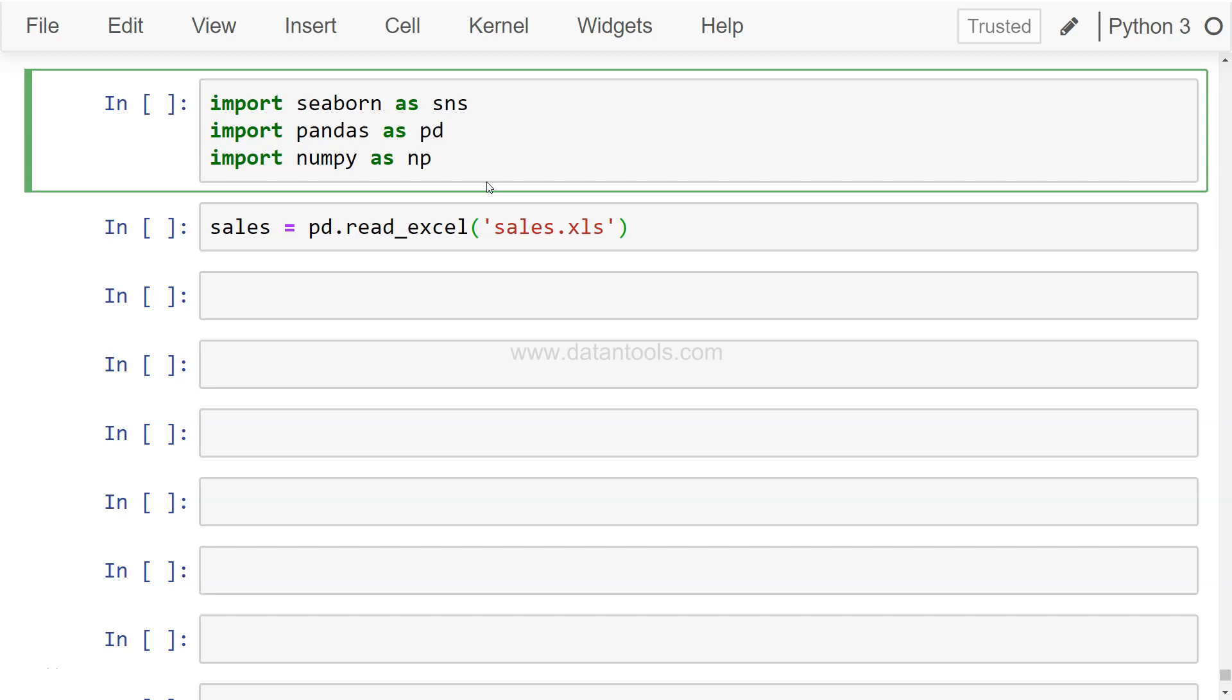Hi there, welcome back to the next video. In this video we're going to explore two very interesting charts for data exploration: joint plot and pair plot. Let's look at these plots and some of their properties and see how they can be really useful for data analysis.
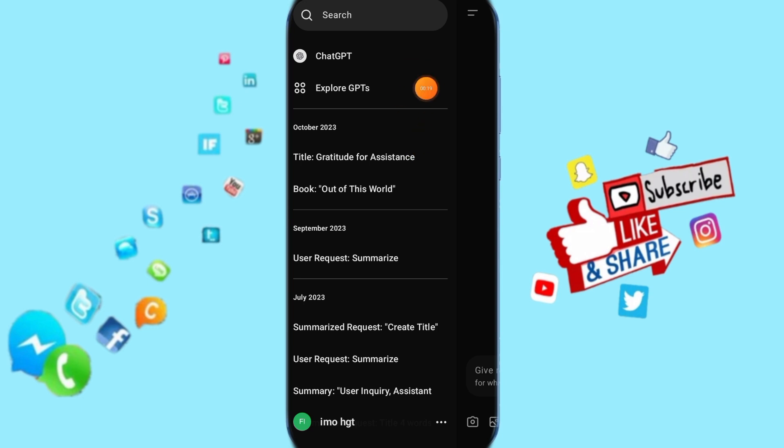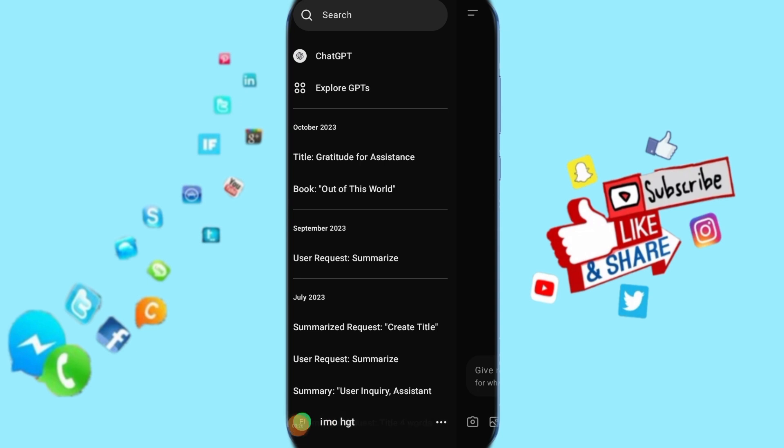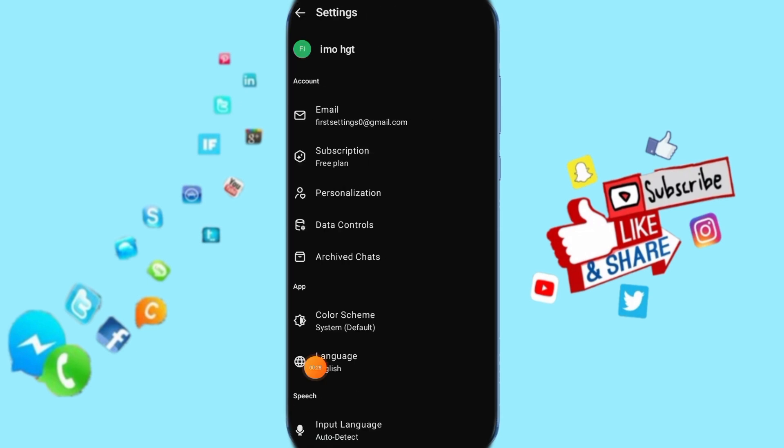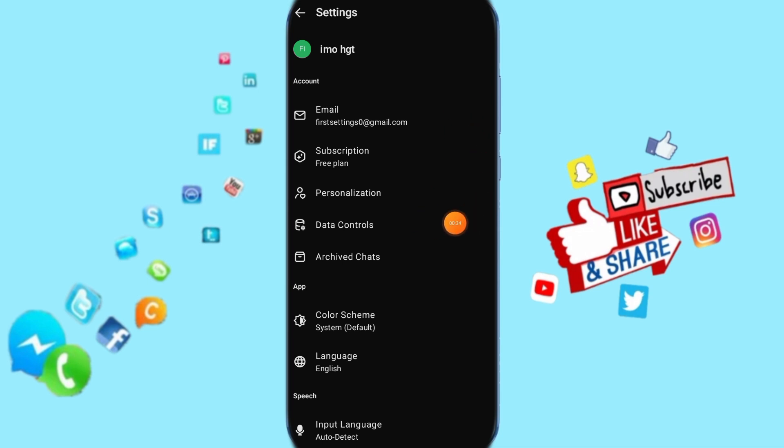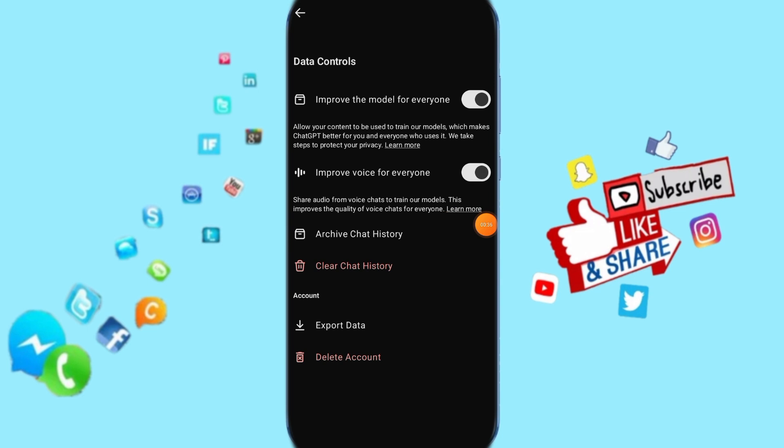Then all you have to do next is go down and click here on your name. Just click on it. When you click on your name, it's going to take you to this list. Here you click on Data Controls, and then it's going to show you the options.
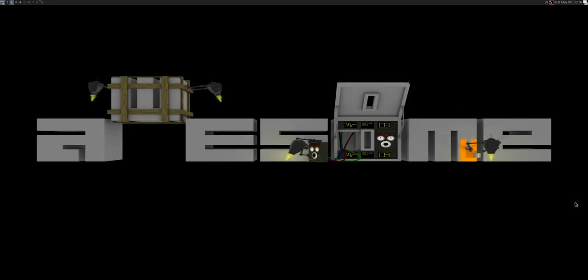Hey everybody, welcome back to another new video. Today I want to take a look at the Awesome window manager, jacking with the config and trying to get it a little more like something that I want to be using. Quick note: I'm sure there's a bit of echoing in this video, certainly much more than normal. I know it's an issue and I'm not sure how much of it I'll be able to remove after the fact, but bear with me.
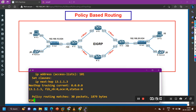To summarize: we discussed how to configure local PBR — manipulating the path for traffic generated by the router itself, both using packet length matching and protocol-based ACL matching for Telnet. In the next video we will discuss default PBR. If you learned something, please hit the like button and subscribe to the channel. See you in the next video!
---
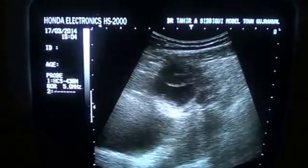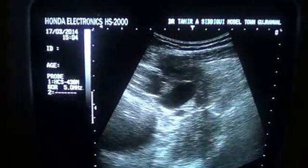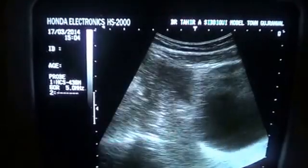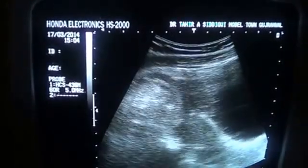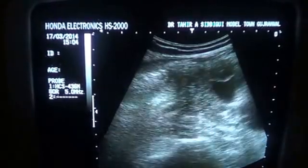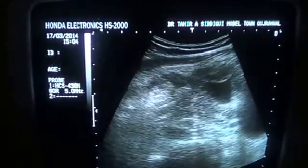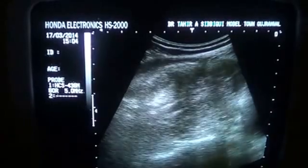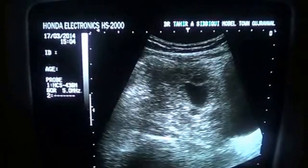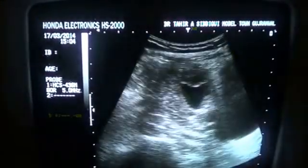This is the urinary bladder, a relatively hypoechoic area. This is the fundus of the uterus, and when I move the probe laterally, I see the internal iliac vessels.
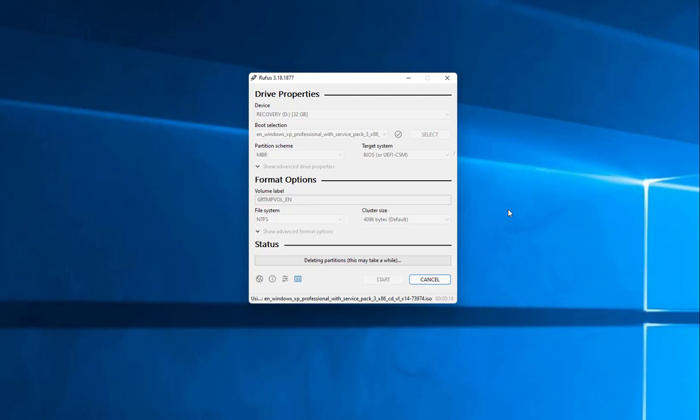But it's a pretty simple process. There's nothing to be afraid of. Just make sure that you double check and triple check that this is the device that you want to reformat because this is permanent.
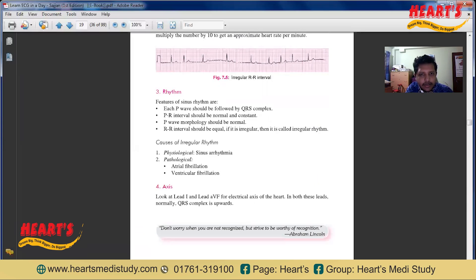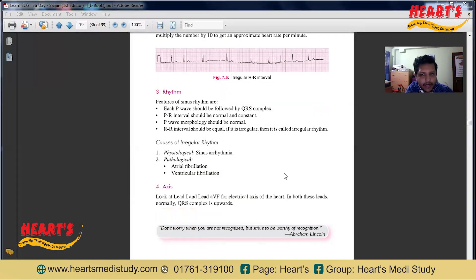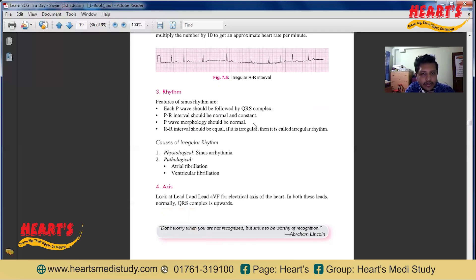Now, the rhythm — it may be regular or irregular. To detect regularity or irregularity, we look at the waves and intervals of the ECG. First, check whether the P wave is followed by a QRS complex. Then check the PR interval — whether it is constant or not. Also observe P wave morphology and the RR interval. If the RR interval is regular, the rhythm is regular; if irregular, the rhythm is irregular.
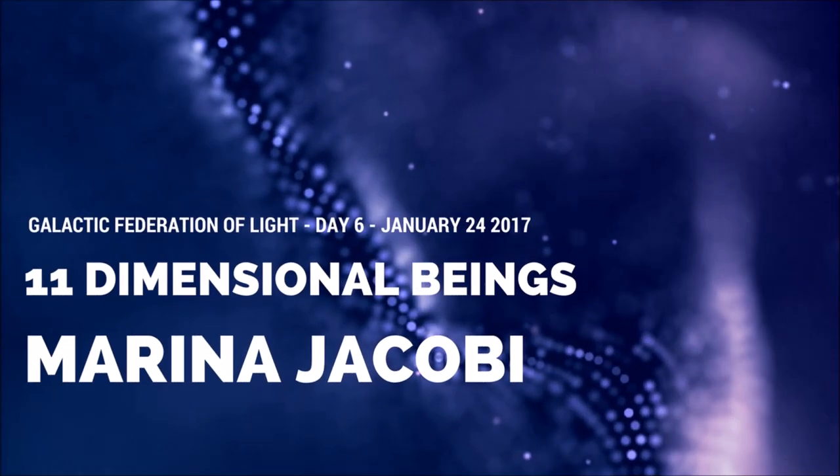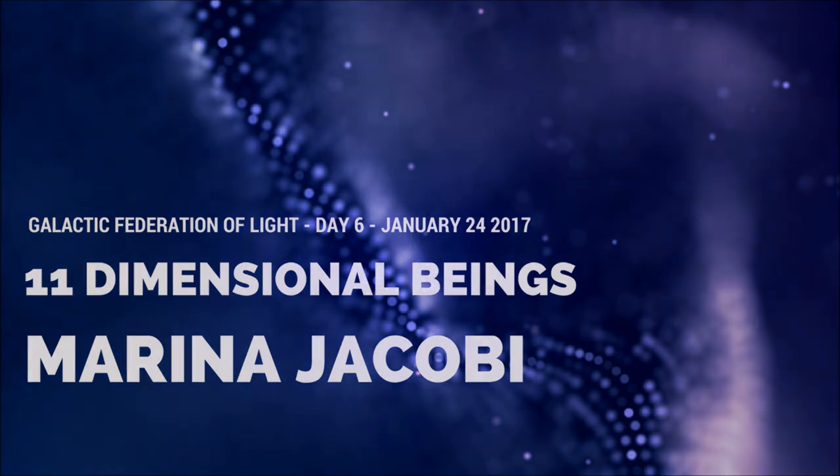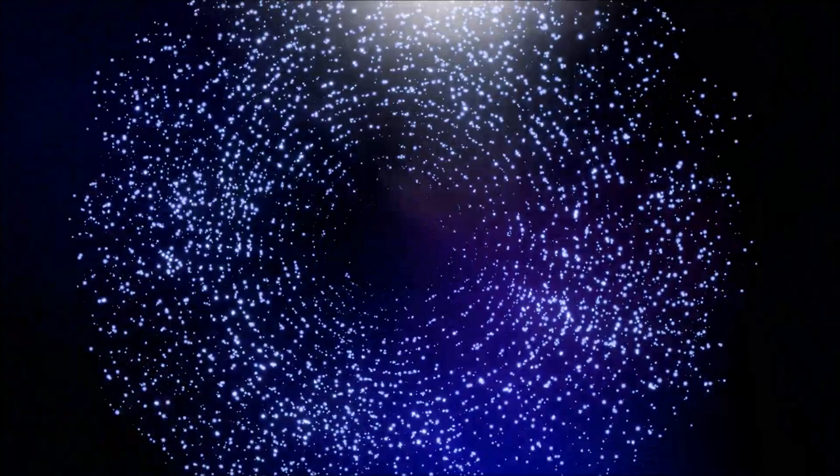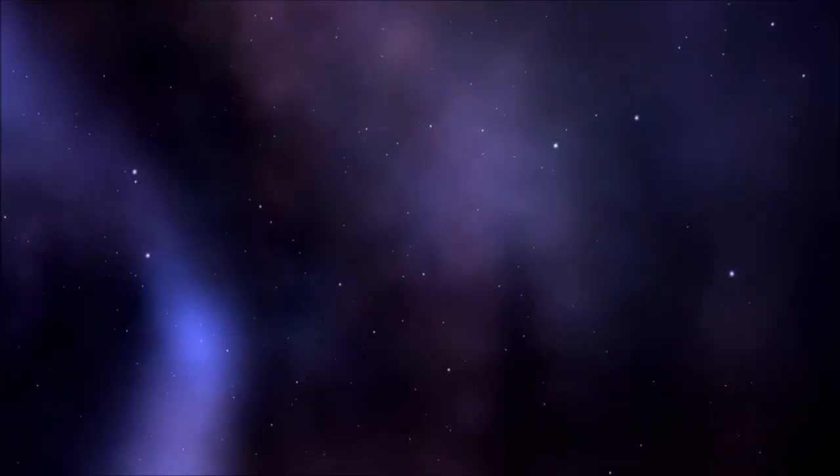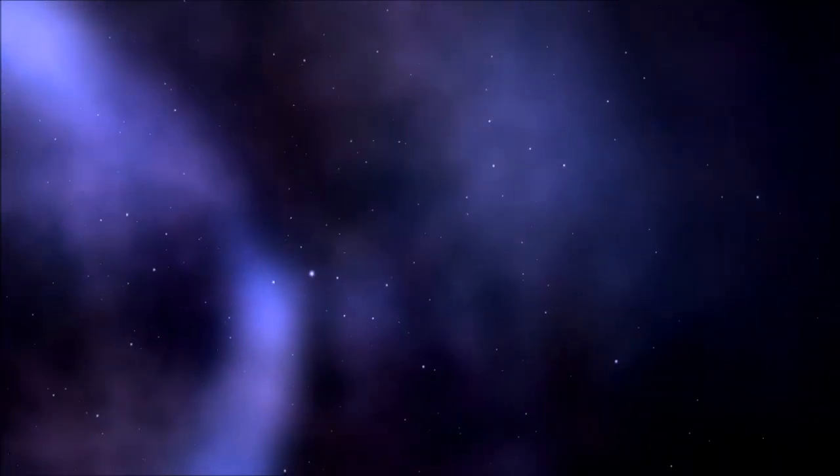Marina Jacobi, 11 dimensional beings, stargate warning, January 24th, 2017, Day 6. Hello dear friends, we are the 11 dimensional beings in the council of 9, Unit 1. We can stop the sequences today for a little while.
---
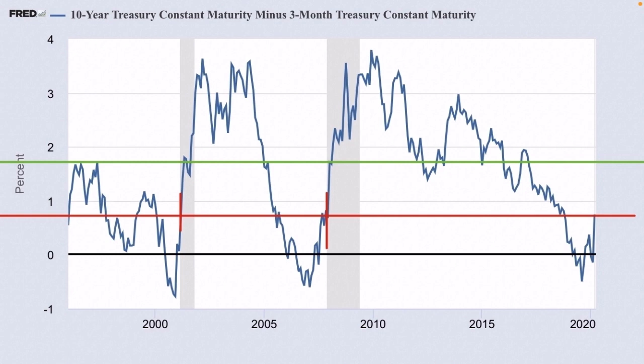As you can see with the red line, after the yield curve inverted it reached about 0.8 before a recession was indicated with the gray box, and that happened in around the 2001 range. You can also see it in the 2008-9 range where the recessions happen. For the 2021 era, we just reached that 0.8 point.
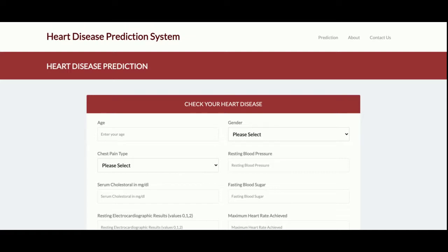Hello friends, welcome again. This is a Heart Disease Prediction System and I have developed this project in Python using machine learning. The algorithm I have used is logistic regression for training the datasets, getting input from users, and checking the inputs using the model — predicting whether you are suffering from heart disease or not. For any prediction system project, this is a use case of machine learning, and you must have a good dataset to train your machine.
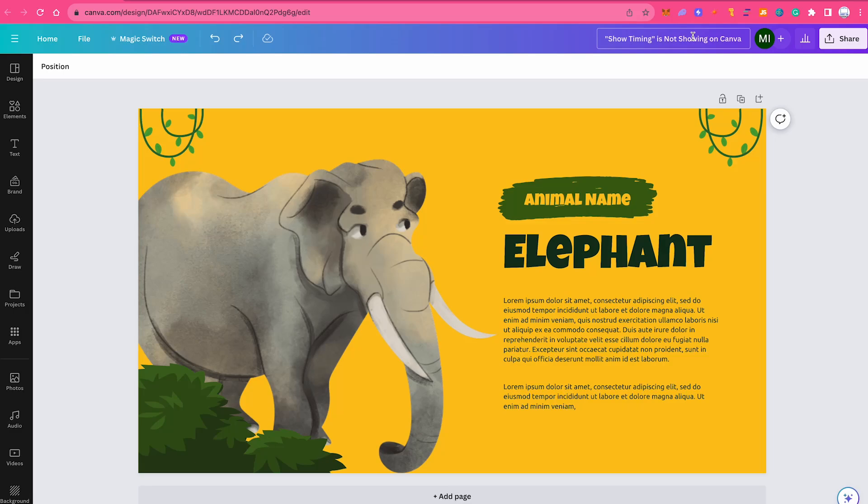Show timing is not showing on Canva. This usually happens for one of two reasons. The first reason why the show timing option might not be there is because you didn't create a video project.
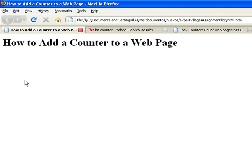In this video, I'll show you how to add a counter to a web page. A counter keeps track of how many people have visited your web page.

*Exercise instructions*. The lines to set down run from the line with "This is the urinary" up to and including the line with "But it's a pretty" in the entries above. Reproduce them exactly, with no pictures.

*Answer area*.
This is the urinary bladder, a relatively hypoechoic area. This is the fundus of the uterus, and when I move the probe laterally, I see the internal iliac vessels.
But it's a pretty simple process. There's nothing to be afraid of. Just make sure that you double check and triple check that this is the device that you want to reformat because this is permanent.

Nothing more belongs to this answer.